Part of his statement yesterday morning wasn't so much difficult as menacing:  "I think there are underlying issues behind these claims and the motivation is deeply suspect", he said.  These words appear simply to be an attack on both the Guardian, which has run with the Fox story and hopes to repeat its toppling of Jonathan Aitken, and Jim Murphy, Labour's Shadow Defence Secretary, who is perhaps the Shadow Cabinet's leading Blairite and certainly sees the prospect of boosting his standing by gaining a scalp.  But Downing Street will not have read them as straightforwardly as that.  The issues are deliberately not described, the motives not identified and the perpetrators unnamed.

Cameron and Fox have a strained history.  The latter would have given the former a run for his money had they been the last two left in the 2005 leadership contest, and both know it.  One feels at home in the politics of 2011, in which the mediator is the message: namely, Cameron, who in Opposition put a windmill on his house and was photographed with huskies.  The other is a child of the 1980s, in which message and mediator were more easily kept separate: Fox likes to argue from first principles, has a passionate belief in the power of ideas, and doesn't thrust his family life in front of the cameras.  It is this difference, as well as the divergence between their kinds of conservatism, that makes relations between them uneasy.

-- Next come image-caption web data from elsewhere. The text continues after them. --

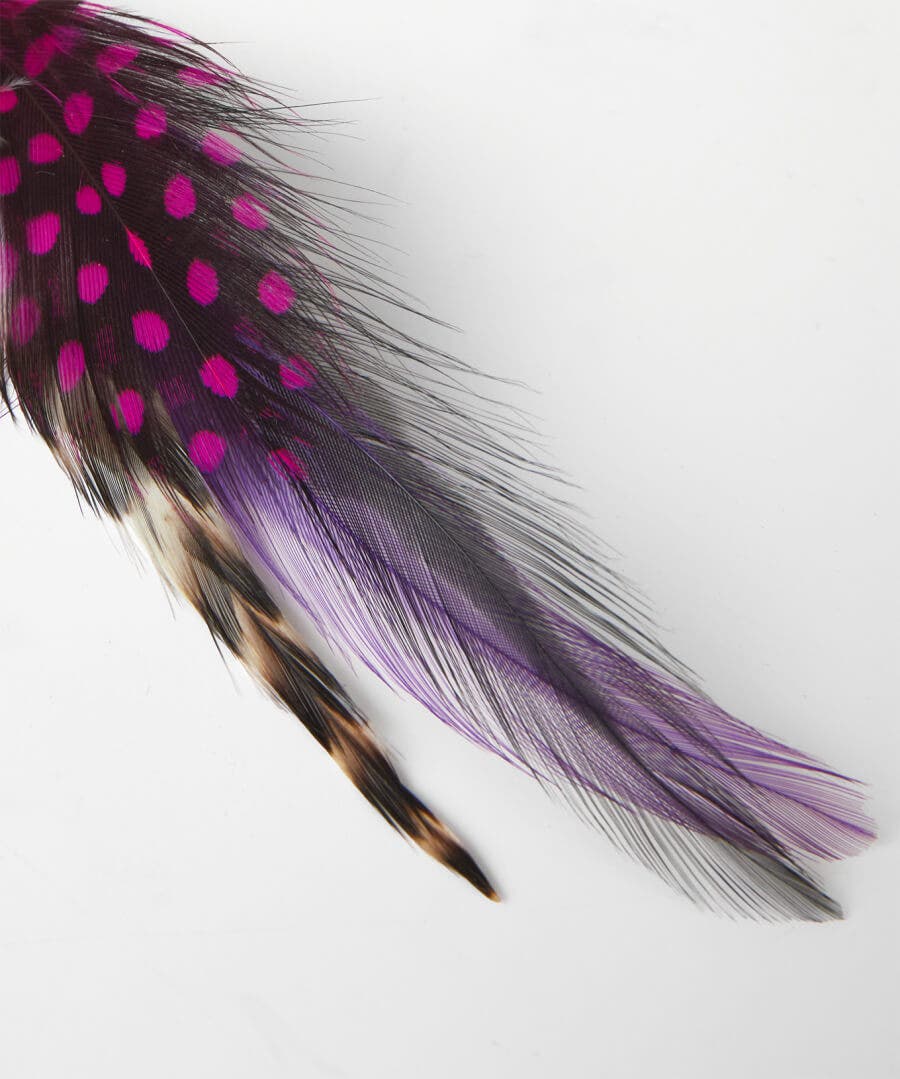 Accessories | Men，s Joe Browns Vibrant Feather Pin Multi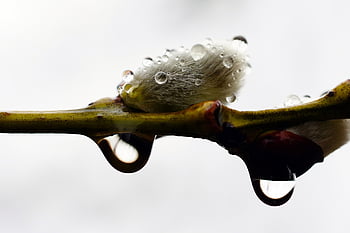 willow, bud, spring, flower Wallpaper, nature, flower Background, rain, close, plant, flower, flowering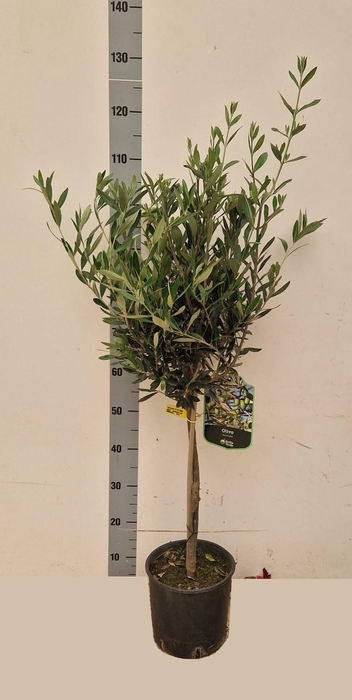 <h4>OLEA EUROPAEA</h4>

Early dealings between Downing Street and the Ministry of Defence were tense after the Government was formed: there was a leaked letter, a row over the way Fox briefed the departure of Jock Stirrup, spats with other Cabinet Ministers and a second leaked letter.  But they have been much better recently: the Defence Secretary weighed in behind the Libyan venture and is pushing through MOD reform.  Cameron hates reshuffles, rightly believing that they cause more pain than gain.  And changing this Cabinet is especially awkward, since the Prime Minister can't or won't move its Liberal Democrat members without prior agreement from Nick Clegg.  Furthermore, losing Ministers from government suggests losing control of events.

But the most pressing reason for Cameron wanting to keep his Defence Secretary aboard is not the desire for a quiet life, but a fear of the future.  As we know from the depature of Fox's heroine, Lady Thatcher, stab-in-the-back myths can have potency and resonance.  If the Prime Minister were to lose him quickly, he would not only have yet another senior right-winger loose on the backbenches but risk the emergence of exactly such a story - of a left-of-Tory-centre leader wanting to lose a right-of-Tory-centre rival, as the Daily Mail's Peter McKay hints this morning.  To say that Cameron won't want the ship rocked in this way is an understatement.  If the Prime Minister can save Fox, he will.  If he can't, he will hang on for as long as he can, waiting for further events to blacken the Defence Secretary's reputation. (The Guardian pushes again today.)

A nasty business all round.  But that's politics, I'm afraid: "Thou shalt not kill; but need'st not strive, officiously, to keep alive."